The airline last week promised that it would resume flights by September 15 if it was able to procure the needed aircraft spares parts to repair its aircraft on ground, but yesterday the airline said it could not clear the equipment due to hitches in the clearance process because of alleged delays by Customs.

Passengers who booked the airline’s flights in advance are worried and sceptical that the airline would take longer time before it resumes flight again.
First Nation Airways however has assured its passengers that it would meet its obligations to them and promised that it would resume flights soon.

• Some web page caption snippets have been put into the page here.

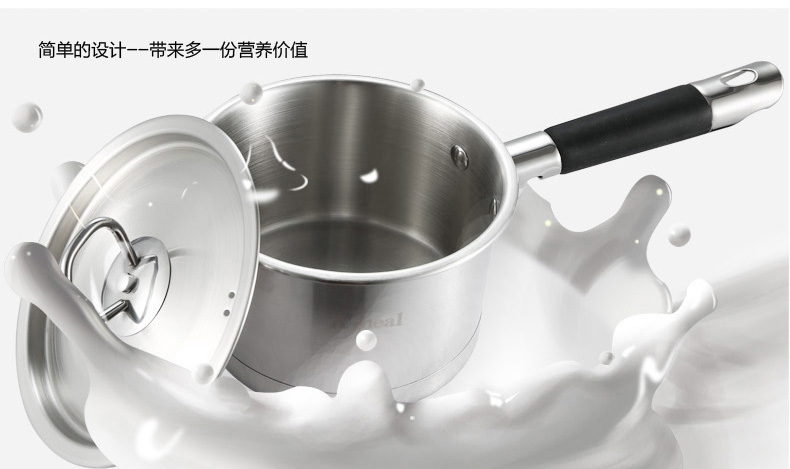 Ameal锅具不粘锅 奶锅 长柄防热加厚不锈钢复底无涂层厨具锅具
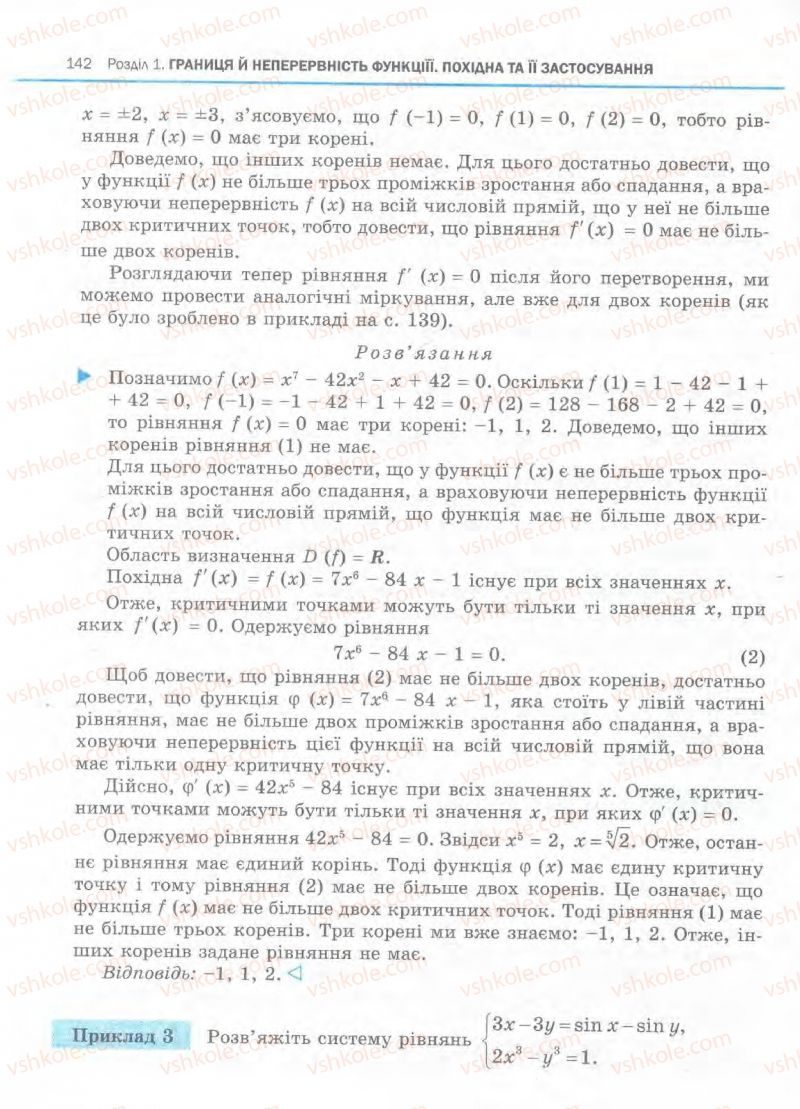 Страница 142 | Підручник Алгебра 11 клас Є.П. Нелін, О.Є. Долгова 2011 Академічний рівень, профільний рівні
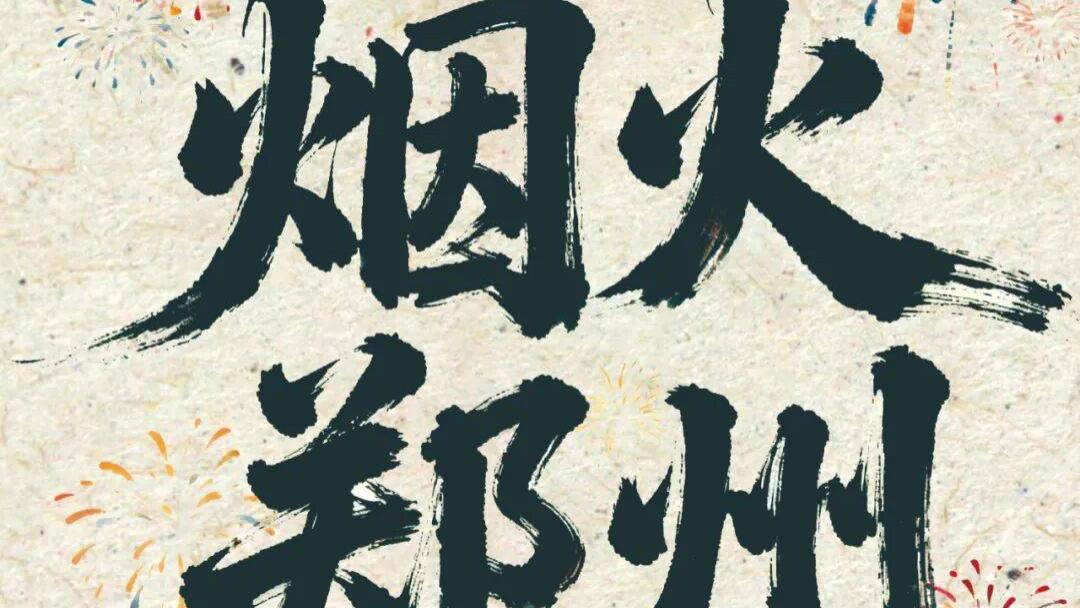 孔祥旗全新单曲《烟火郑州》全网上线，用音乐绘制三千年商都烟火画卷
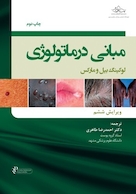 مبانی درماتولوژی لوکینگ بیل و مارکس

  THISDAY gathered that the NCS released the equipment needed to fix the airplanes belonging to the airline on September 14, whereas the airline had anticipated that all Customs formalities would have been done last week Friday before the Sallah holidays.
The source also said the management of the airline was optimistic that the team of engineers would finish work on the engines before today, a day later than it promised that it would start schedule flights, as the airline plans to resume operations immediately after the engines were fixed.

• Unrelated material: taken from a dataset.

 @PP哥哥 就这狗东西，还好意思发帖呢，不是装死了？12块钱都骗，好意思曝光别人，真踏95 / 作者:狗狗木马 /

 THISDAY also learnt that the delay in the clearing of the equipment might not be unconnected to the refusal by NCS to adopt the new policy of the federal government, which directed that airlines should enjoy waiver on importation of aircraft parts and other equipment meant for commercial airline operation.

 This was confirmed by the Account Manager of Dana Air,
Obi Mbanuzuo, who said despite the federal government’s waiver policy on the importation of spare parts into the country, NCS has continued to insist the airlines pay tariffs, which sometimes are up to 20 per cent of the price of the equipment and spares parts.